--- START ---

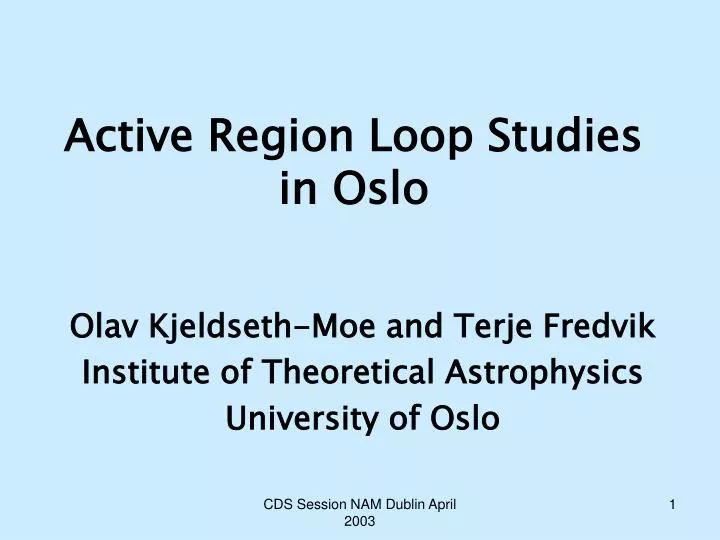 active region loop studies in oslo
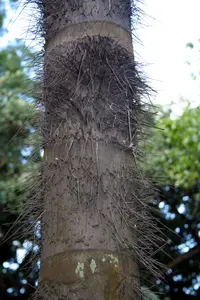 black palm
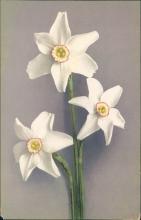 Vintage postcard, white flowers, Paul Bender, Switzerland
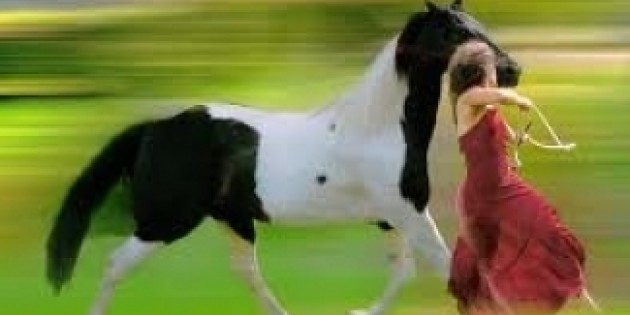 Dancers Intensive June 18th-23rd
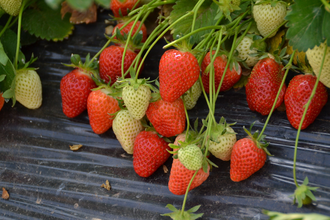 Beerenhof Grötzinger | Erdbeeren | Hofverkauf Brackenheim | © Neckar-Zaber-Tourismus e.V.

--- END ---

**Task to complete:** This exercise calls for the complete listing, returned exactly and without images.

**The answer:**
 active region loop studies in oslo
 black palm
 Vintage postcard, white flowers, Paul Bender, Switzerland
 Dancers Intensive June 18th-23rd
 Beerenhof Grötzinger | Erdbeeren | Hofverkauf Brackenheim | © Neckar-Zaber-Tourismus e.V.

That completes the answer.